Over rock and moss, variegated with lovely little flowers, we reach the path which skirts the old heathen sites. Little more than the outline of the former turf houses is visible. The turf roof has fallen in, or been carried away, but the low mounds which formed the walls remain, as also the roofless curving porch, which in each opened out to the sea. More than one hundred persons of both sexes and all ages are said to have inhabited these three houses, and their heathen life here, with its cruelties, sorceries, and other unhallowed phases, can better be imagined than described. It must have been a great advance for them in every respect when they moved to the mission-station, established nearly half a mile away, and began to learn the faith and hope which have given it its name. In those days there must have been a good many such heathen villages along this coast with a nomad population far more numerous than now.
Thence we easily ascend the ship hill, over rock and moss, and occasional patches of snow. The view is really grand, though bleak and bare. Hundreds of rocky islands lie between us and the seaward horizon, while to north and south one can scarcely distinguish them from the bold headlands which stretch out into the ocean.

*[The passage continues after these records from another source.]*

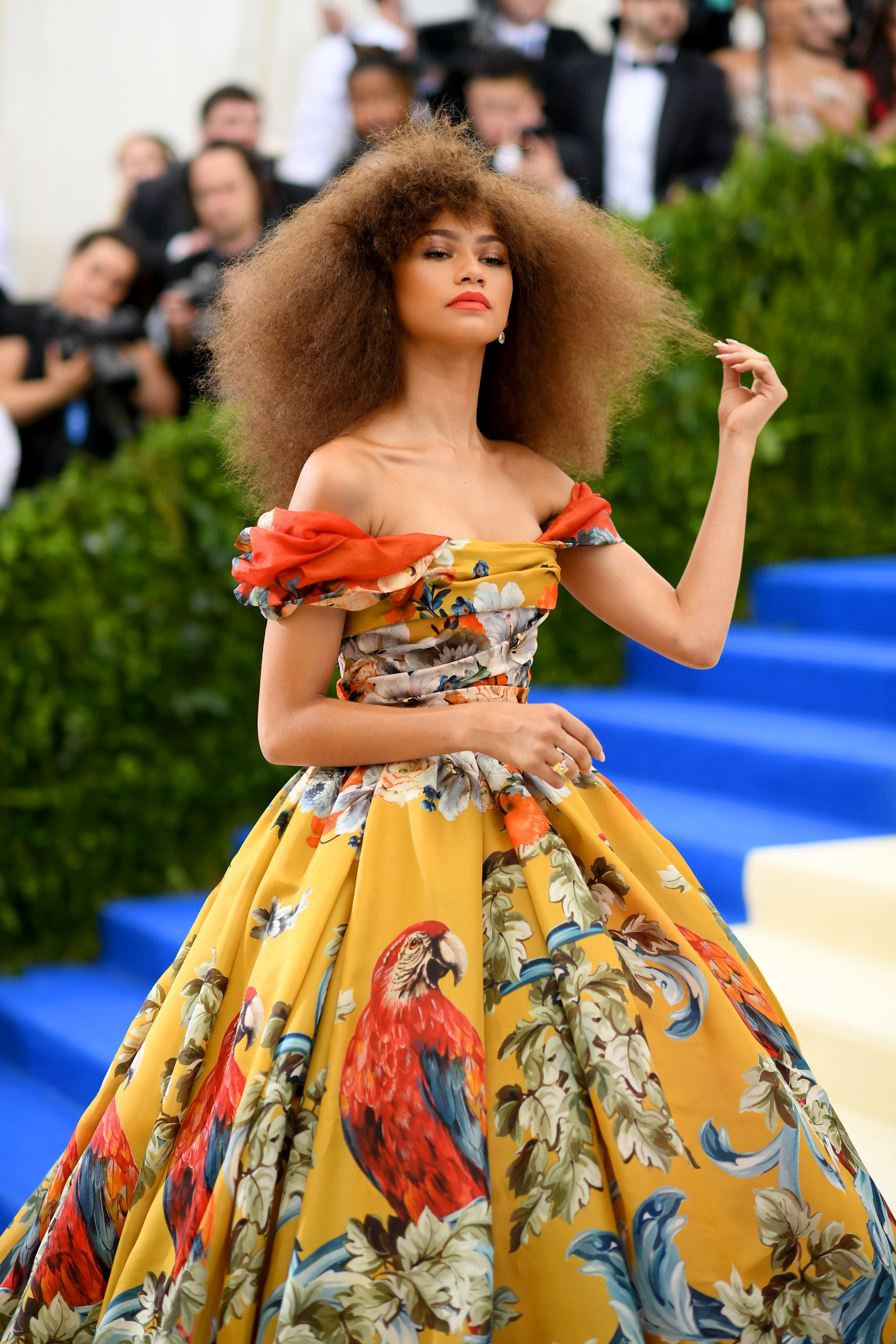Zendaya arriving at the Met Gala with her hair styled in an afro and wearing an off the shoulder gown with parrots on it. 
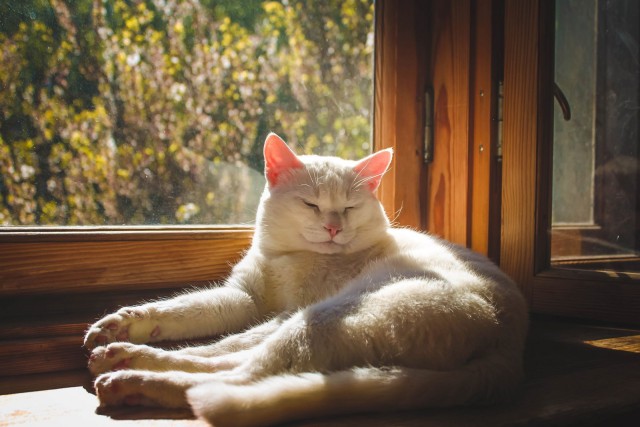 Кот без прикрас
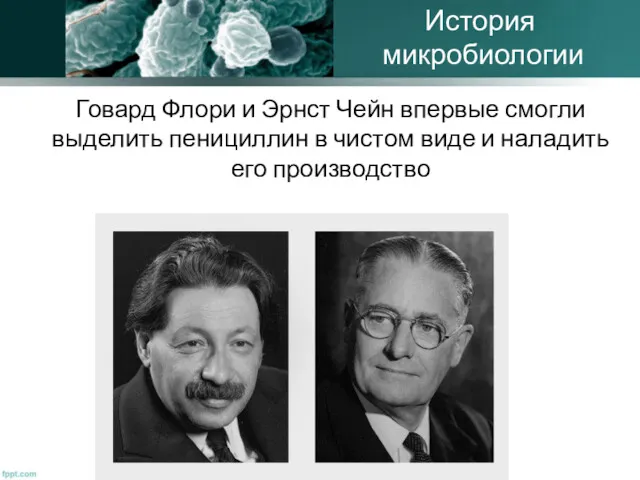 Говард Флори и Эрнст Чейн впервые смогли выделить пенициллин в чистом виде и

Northward, the white sails of from thirty to forty fishing schooners are gleaming white in the sun. Hundreds of these craft pass up the coast from Newfoundland every summer, and the spiritual interests of their crews are faithfully sought at Hopedale. Sometimes the Sunday afternoon English service is attended by more than two hundred such visitors. As we descend the hill and return to the station past the well-kept gardens, we make our first acquaintance with mosquitoes, but they do not trouble us much to-day.
JOYS AND SORROWS—A MARRIAGE AND A FUNERAL
Each mission-station is a little world in itself; it has its own joys and sorrows, and complete cycle of events in the human lives lived here for a time by the will of God, who has His purposes of love in each and all. I have touched many of these joys and sorrows during my brief stay here.

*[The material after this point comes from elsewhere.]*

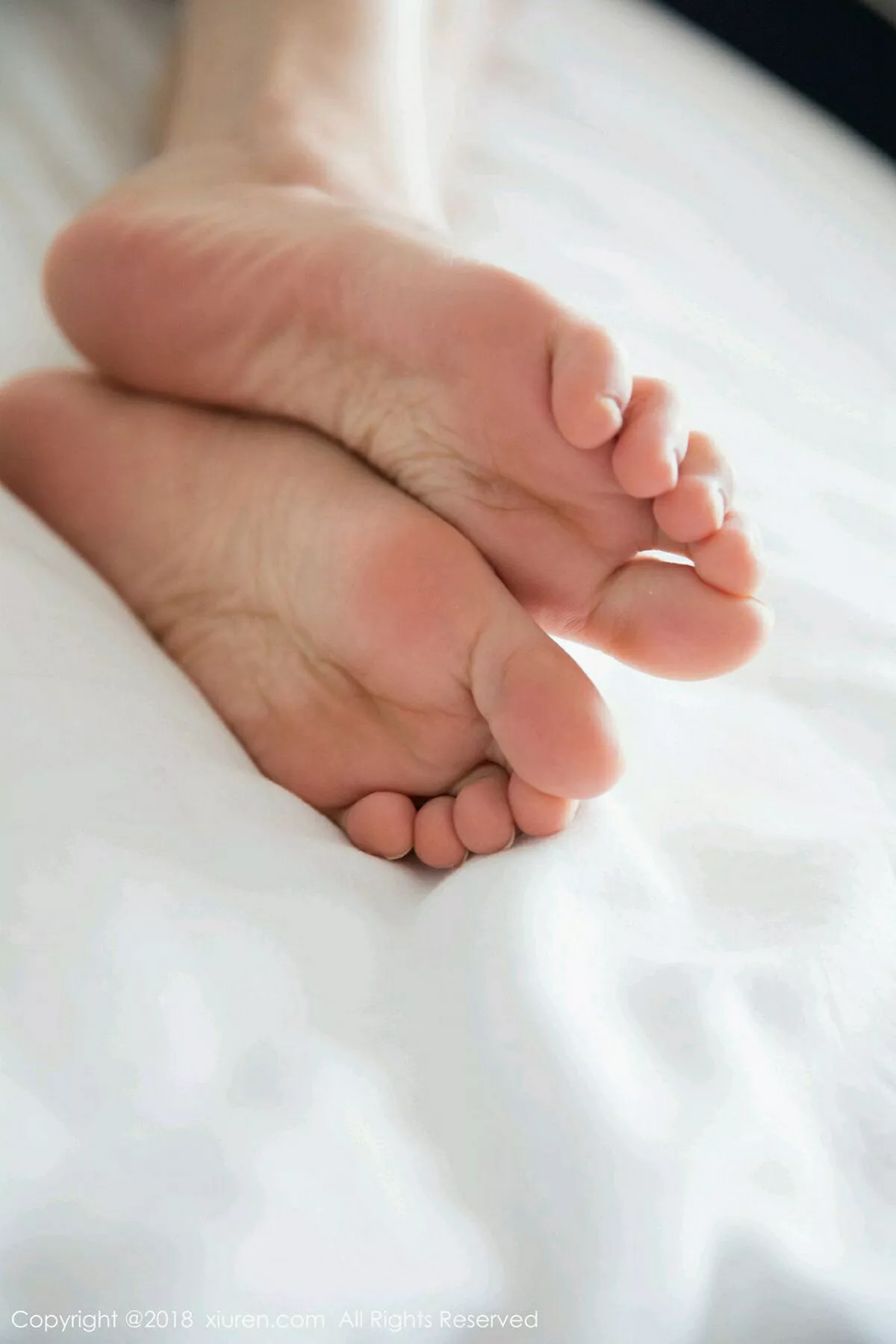 [XiuRen秀人网]第1134期杨晨晨写真  第11张-《94零社区》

In the godly family of this Hopedale mission-house, it is a time when the clouds return after the rain. Little Hildegard Kaestner has been lying for some days between life and death, but at last we can rejoice with her parents in a degree of hope. The child has even shown a faint interest in her toys. (I am grieved to hear on my return that the little one passed away while her father was absent with me on duty.) Our English missionary sister has also been passing through woman’s time of trial and honour, and we are now able to rejoice with her and her husband in the gift of a little girl, their firstborn. God bless and keep mother and child!